The "eigenvector" method given by the favourite replies above is very general and automatically outputs a set of coordinates as the OP requested, however I noticed that that algorithm does not even ask for a desired orientation (rotation angle) for the frame of the output points, the algorithm chooses that orientation all by itself!

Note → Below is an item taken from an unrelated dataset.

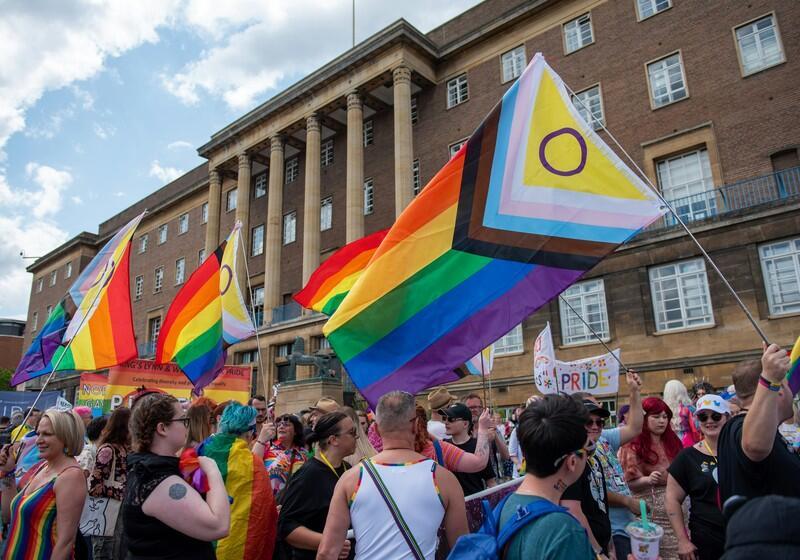 A wide shot captures a lively crowd during a Pride parade gathering outside a large, multi-story brick civic building featuring prominent classical columns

People who use it might want to know at what angle the frame will be tipped before hand so I found an equation which gives the answer for the case of up to three input points, however I have not had time to generalize it to n-points and hope someone will do that and add it to this discussion. Here are the three angles the output sides will form with the x-axis as a function of the input side lengths:
angle side a = arcsin(sqrt(((c+b+a)*(c+b-a)*(c-b+a)*(-c+b+a)*(c^2-b^2)^2)/(a^4*((c^2+b^2-a^2)^2+(c^2-b^2)^2))))*180/Pi/2
angle side b = arcsin(sqrt(((c+b+a)*(c+b-a)*(c-b+a)*(-c+b+a)*(c^2+b^2-a^2)^2)/(4*b^4*((c^2+b^2-a^2)^2+(c^2-b^2)^2))))*180/Pi/2
angle side c = arcsin(sqrt(((c+b+a)*(c+b-a)*(c-b+a)*(-c+b+a)*(c^2+b^2-a^2)^2)/(4*c^4*((c^2+b^2-a^2)^2+(c^2-b^2)^2))))*180/Pi/2
Those equations also lead directly to a solution to the OP's problem of finding the coordinates for each point because: the side lengths are already given from the OP as the input, and my equations give the slope of each side versus the x-axis of the solution, thus revealing the vector for each side of the polygon answer, and summing those sides through vector addition up to a desired vertex will produce the coordinate of that vertex. So if anyone can extend my angle equations to handling beyond three input lengths (but I note: that might be impossible?), it might be a very fast way to the general solution of the OP's question, since slow parts of the algorithms that people gave above like "least square fitting" or "matrix equation solving" might be avoidable.